5. The RNA binding protein recognition fusion of multi-view and optimal multi-tag chain learning of claim 1, wherein the CNN network architecture used for RNA sequence semantic depth feature extraction in the eighth step comprises 1 two-dimensional convolution layer, 1 pooling layer, 1 flattening layer, 2 dropout layer and 2 full-connection layer; the first layer convolution layer of the CNN network architecture is 101 convolution kernels of 25 x 10, and 101 characteristic diagrams of 1 x 2701 are obtained; the pooling length of the second pooling layer is 3, and 101 characteristic diagrams of 1 x 900 are obtained; the third layer is a flat layer, and 1 characteristic diagram of 1 x 90900 is obtained; the fourth layer is a dropout layer with the probability of 0.5, and 1 characteristic diagram with the probability of 1 x 90900 is obtained; fifthly, the full connection layer converts 1 characteristic diagram of 1 x 90900 into a vector of 1 x 202; the sixth layer is a dropout layer with the probability of 0.5, and 1 characteristic diagram of 1 x 202 is obtained; and fifthly, the full connection layer converts 1 characteristic diagram of 1 x 202 into 1 vector of 1 x 68.

6. The RNA-binding protein recognition fusion of multi-view and optimal multi-tag chain learning of claim 2, wherein the CNN network architecture used for RNA view depth feature extraction, the CNN network architecture used for amino acid view depth feature extraction, the CNN network architecture used for multi-gap dipeptide view depth feature extraction, and the last layer of the CNN network architecture used for RNA sequence semantic view depth feature extraction all use a sigmoid function as an activation function to introduce nonlinear transformation, the remaining layers use a relu function as an activation function, and the loss function of the four networks use a Binary cross-entropy loss function.

7. The RNA-binding protein recognition fusion of multi-view and optimal multi-tag chain learning of claim 3, wherein the CNN network architecture used for RNA view depth feature extraction, the CNN network architecture used for amino acid view depth feature extraction, the CNN network architecture used for multi-gap dipeptide view depth feature extraction, and the last layer of the CNN network architecture used for RNA sequence semantic view depth feature extraction all use a sigmoid function as an activation function to introduce nonlinear transformation, the rest layers use a relu function as an activation function, and the loss function of the four networks use a Binary cross-entropy loss function.
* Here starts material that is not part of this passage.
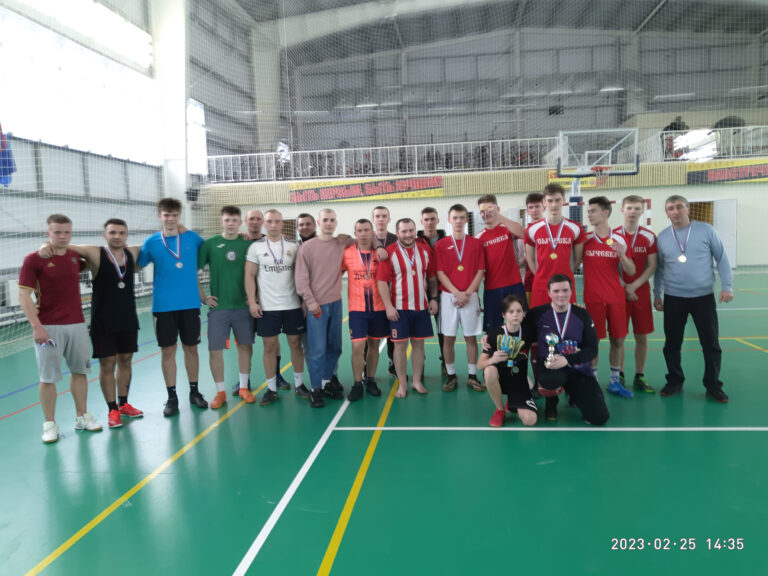 В Новодугинском ФОКе прошли турниры по мини-футболу и волейболу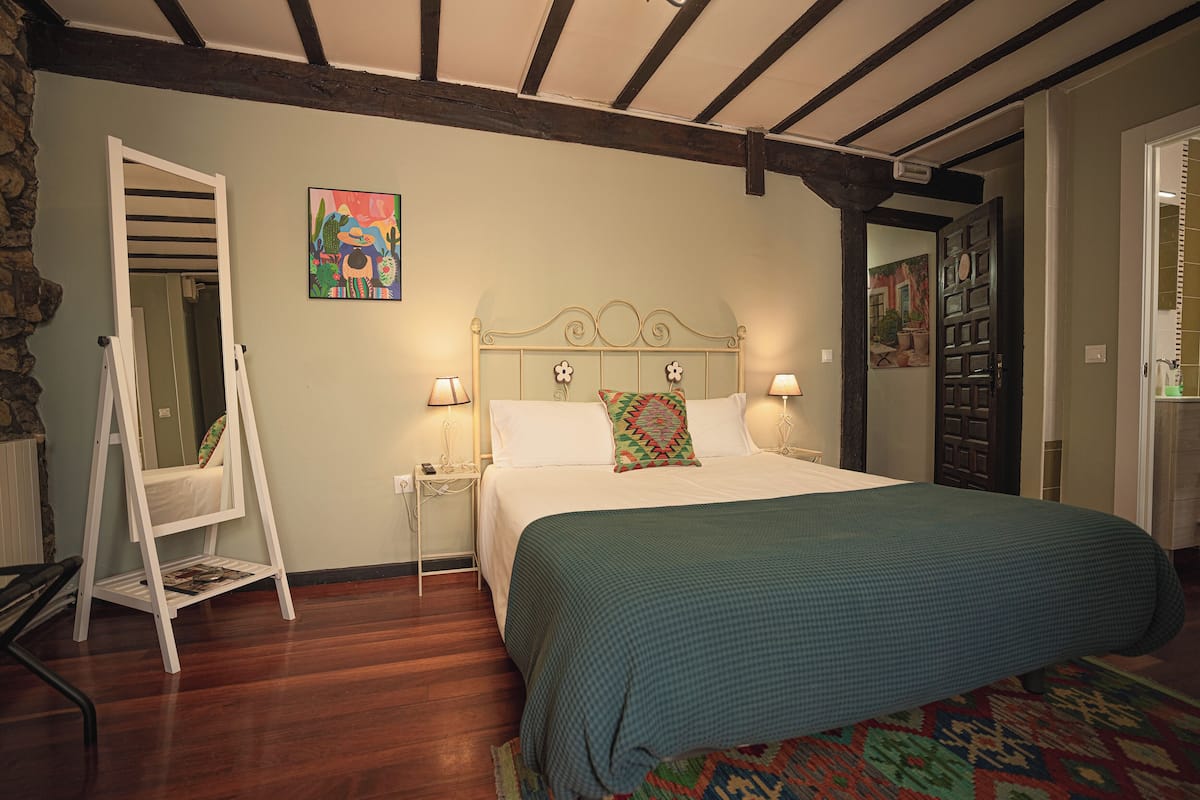 Deluxe tweepersoonskamer, 1 queensize bed, bad | Een kluis op de kamer, verduisterende gordijnen, gratis wifi, beddengoed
8. The RNA-binding protein recognition fusion of multi-view and optimal multi-tag chain learning of claim 4, wherein the CNN network architecture used for RNA view depth feature extraction, the CNN network architecture used for amino acid view depth feature extraction, the CNN network architecture used for multi-gap dipeptide view depth feature extraction, and the last layer of the CNN network architecture used for RNA sequence semantic view depth feature extraction all use sigmoid functions as activation functions to introduce nonlinear transformation, the rest layers use relu functions as activation functions, and the loss functions of the four networks use Binary cross-entropy classification cross entropy loss functions.

9. The RNA-binding protein recognition fusion of multi-view and optimal multi-tag chain learning of claim 5, wherein the CNN network architecture used for RNA view depth feature extraction, the CNN network architecture used for amino acid view depth feature extraction, the CNN network architecture used for multi-gap dipeptide view depth feature extraction, and the last layer of the CNN network architecture used for RNA sequence semantic view depth feature extraction all use sigmoid functions as activation functions to introduce nonlinear transformation, the rest layers use relu functions as activation functions, and the loss functions of the four networks use Binary cross-entropy classification cross entropy loss functions.